To give an example (based on what you were talking about) showing the effect on tension with tritones.

^ You could apply the theory and show how slowly pitch shifting a note (maybe #4 to the 5th? ) works to create tension within the context of a finished sound design element.


----------



## AdamAlake (Sep 9, 2017)

Fab said:


> Nice, but the focus seemed to be more like a lesson on music intervals + words to describe them .
> 
> Maybe I get what you were trying to pass on, but then your title is not really what the video is about.
> 
> ...



I wanted the video to be accessible to viewers with no music theory knowledge, so I introduced the intervals and triads, and I included an example of an action that could be described with a sound effect using each interval. And the title reflects that precisely, it is about using theory in sound design, so the video focuses on intervals and what they can say to your audience when used as a sound effect.

The effect of pitch shifting on tension is something best discovered through experimentation, as I encourage the viewer to do.


----------



## AdamAlake (Sep 9, 2017)

Fab said:


> Nice, but the focus seemed to be more like a lesson on music intervals + words to describe them .
> 
> Maybe I get what you were trying to pass on, but then your title is not really what the video is about.
> 
> ...



To further elaborate, the video should serve as an introduction of how you can speak to your audience through musical devices, instead of only relying on synthesis techniques.


----------



## HiEnergy (Sep 9, 2017)

Nice and comprehensive video. Thanks, Adam


----------



## Steinmetzify (Sep 9, 2017)

Haven't watched but dammit Adam, stop making all this sense.

Kidding. Getting into it now, thanks for posting up sir!

PS: get some frets in that bass please, the thing freaks me out.

EDIT: this was cool, saved to favorites to refer back to. Dunno if you've seen anything I've posted on RB, but I don't have any music theory whatsoever...discovered the diminished triad recently and been using it a lot, had no idea what it was called. Thanks for info!


----------



## AdamAlake (Sep 9, 2017)

HiEnergy said:


> Nice and comprehensive video. Thanks, Adam



Glad to help.

[/QUOTE]



Steinmetzify said:


> Haven't watched but dammit Adam, stop making all this sense.
> 
> Kidding. Getting into it now, thanks for posting up sir!
> 
> ...



Ah, you are the Beard Man, I saw your posts there. It is not really necessary to know any of the names as long as you know how to use it, just listen to music and transcribe and you will know more than any book can tell you in no time.

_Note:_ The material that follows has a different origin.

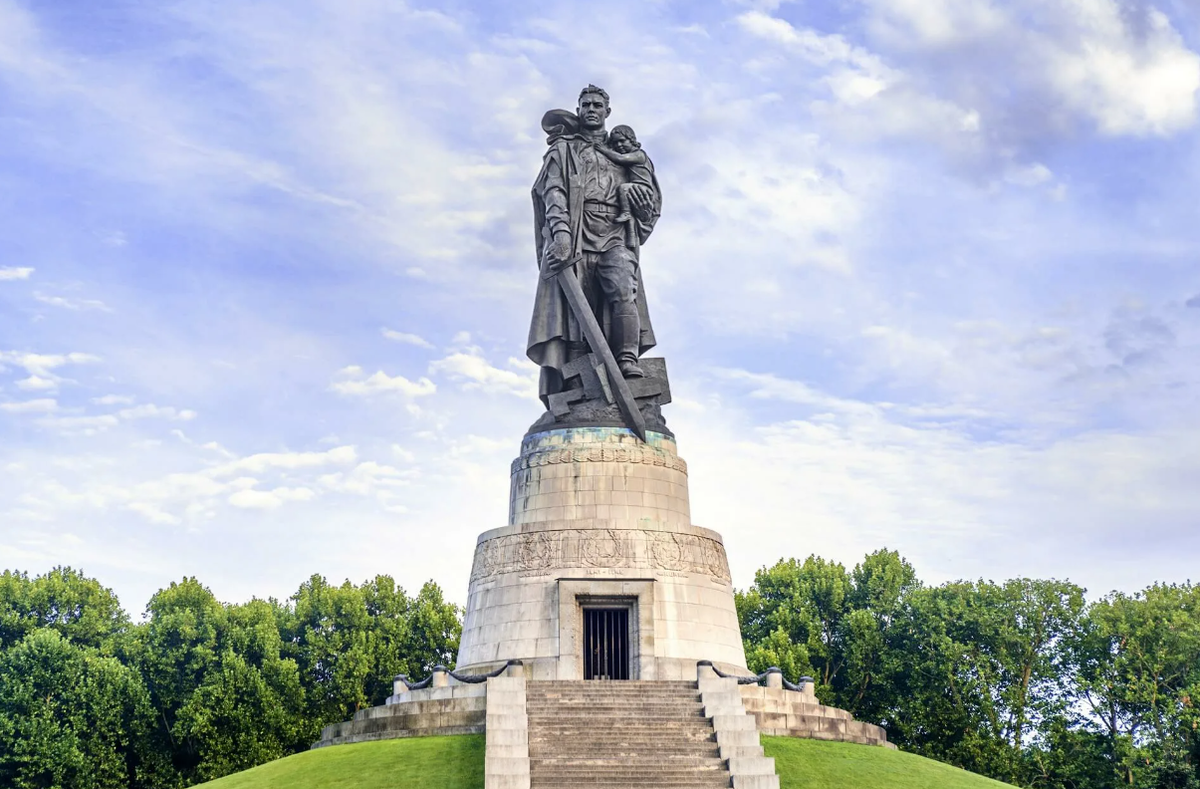Памятник советским воинам в трептов парке. Монумент воину-освободителю в трептов-парке в берлине. воин освободитель трептов парк. вучетич. «воин-освободитель». трептов-парк, берлин. памятник трептов парк в берлине.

PS: But how can I pretend to be out of tune if I put frets on there?


----------



## Steinmetzify (Sep 9, 2017)

Dude you can always pretend and blame it on something else...

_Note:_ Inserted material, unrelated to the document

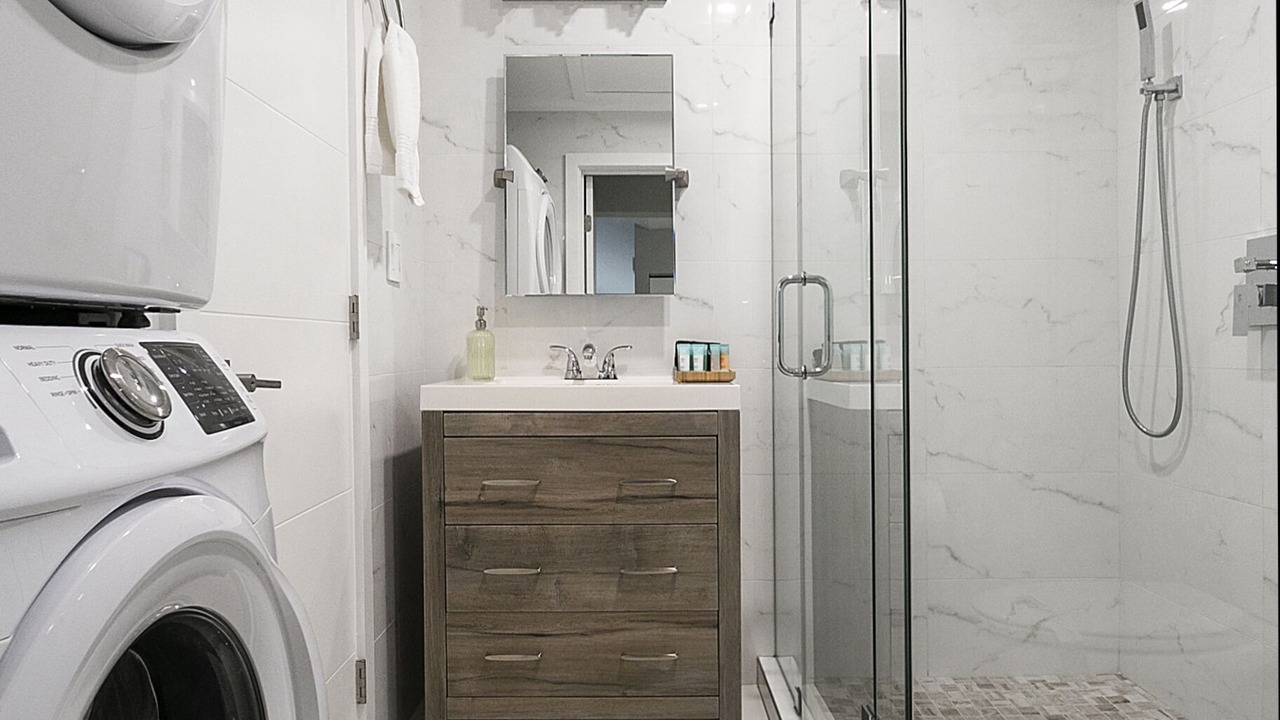 Photo of Bathroom in Dania Beach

Man, I've seen you and Mike and Alex and Aaron talking about transcribing but for someone with zero music theory, this is a seriously daunting task. Any input on that besides just hitting keys and recognizing notes?!


----------



## AdamAlake (Sep 9, 2017)

Steinmetzify said:


> Dude you can always pretend and blame it on something else...
> 
> Man, I've seen you and Mike and Alex and Aaron talking about transcribing but for someone with zero music theory, this is a seriously daunting task. Any input on that besides just hitting keys and recognizing notes?!

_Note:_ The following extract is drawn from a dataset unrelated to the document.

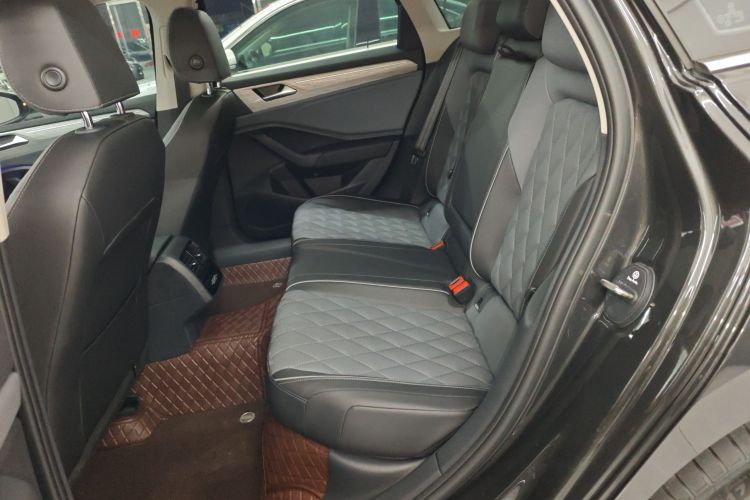 大众 速腾 2025款 改款三 300TSI DSG超越版中控内饰21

That is pretty much the process when you are starting out, practice on simple melodies and as you develop your ear it will all become much easier and faster.


----------



## ctsai89 (Sep 9, 2017)

nice video man. 

I've always thought that harmony formed by pitches in chord or riffs or over time are part of the sound design. There was "sound design" even in Chopin's piano etudes (that's only 1 instrument/timbre) created with textures. Carefully written intervals forming chords designed specifically to have certain effects. Rolling left hands creating sound effects/etc. Music theory is definiltey part of sound design.


----------



## AdamAlake (Sep 10, 2017)

Steinmetzify said:


> Dude you can always pretend and blame it on something else...
> 
> Man, I've seen you and Mike and Alex and Aaron talking about transcribing but for someone with zero music theory, this is a seriously daunting task. Any input on that besides just hitting keys and recognizing notes?!



One more thing, start off by matching the first note of the melody on the piano and then just listen and play it back in your head - audiate - until you can hear it clearly and hum it back without actually listening to it in real life. This is a very important skill to develop and will help you with transcribing immensely.



ctsai89 said:


> nice video man.
> 
> I've always thought that harmony formed by pitches in chord or riffs or over time are part of the sound design. There was "sound design" even in Chopin's piano etudes (that's only 1 instrument/timbre) created with textures. Carefully written intervals forming chords designed specifically to have certain effects. Rolling left hands creating sound effects/etc. Music theory is definiltey part of sound design.



Exactly, yet I see a lot of people these days approach it by sequencing one note in the DAW and then doing all the work inside the VST, or through sample manipulation. Nothing wrong with effects created like that of course, but it is still important to be able to work with theory as well.

My favourite example is the first chord in the opening of Star Wars IV - that is one hell of a sound effect, and it made me realise that orchestration can also be an important sound design skill.


----------